Wikipedia Style Rewrite Pipeline#
This pipeline rewrites documents into a style similar to Wikipedia, improving line spacing, punctuation, and scholarly tone. The pipeline uses language models to transform low-quality text into well-formatted, encyclopedia-style content that’s more suitable for training datasets.
Before You Start#
LLM Client Setup: The
NemotronCCGenerator
requires anLLMClient
instance to interface with language models. Refer to the LLM services documentation for details on configuring your client with specific model providers.
Setup Steps#
Set up the LLM Client#
Configure your LLM client (example with OpenAI):
from openai import OpenAI
openai_client = OpenAI(
base_url="https://integrate.api.nvidia.com/v1",
api_key="<insert NVIDIA API key>"
)
Create the NeMo Curator Client Wrapper#
Wrap the client with NeMo Curator’s client wrapper:
from nemo_curator import OpenAIClient
client = OpenAIClient(openai_client)
Initialize the Generator#
Create the NemotronCCGenerator instance:
from nemo_curator.synthetic import NemotronCCGenerator
generator = NemotronCCGenerator(client)
Configure Generation Parameters#
Set up your model and generation parameters:
model = "nv-mistralai/mistral-nemo-12b-instruct"
model_kwargs = {
"temperature": 0.5,
"top_p": 0.9,
"max_tokens": 512,
}
Rewrite Documents to Wikipedia Style#
Use the generator to transform text into Wikipedia-style content:
Python Example
document = "The moon is bright. It shines at night."
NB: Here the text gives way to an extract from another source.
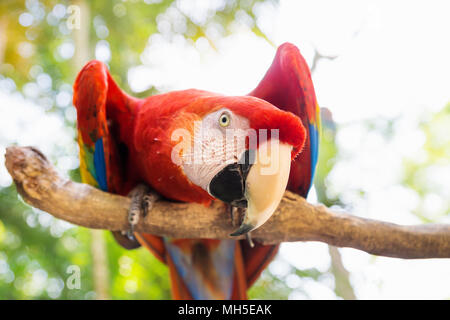 Scarlett Macaw bird parrot guardando curioso in Macaw Mountain, Copan Ruinas, Honduras, America Centrale Foto Stock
responses = generator.rewrite_to_wikipedia_style(
document=document,
model=model,
model_kwargs=model_kwargs
)
print(responses[0])
# Output:
# The lunar surface has a high albedo, which means it reflects a significant amount of sunlight.
Note
The output shown is illustrative. Actual outputs will vary based on the input text and model parameters.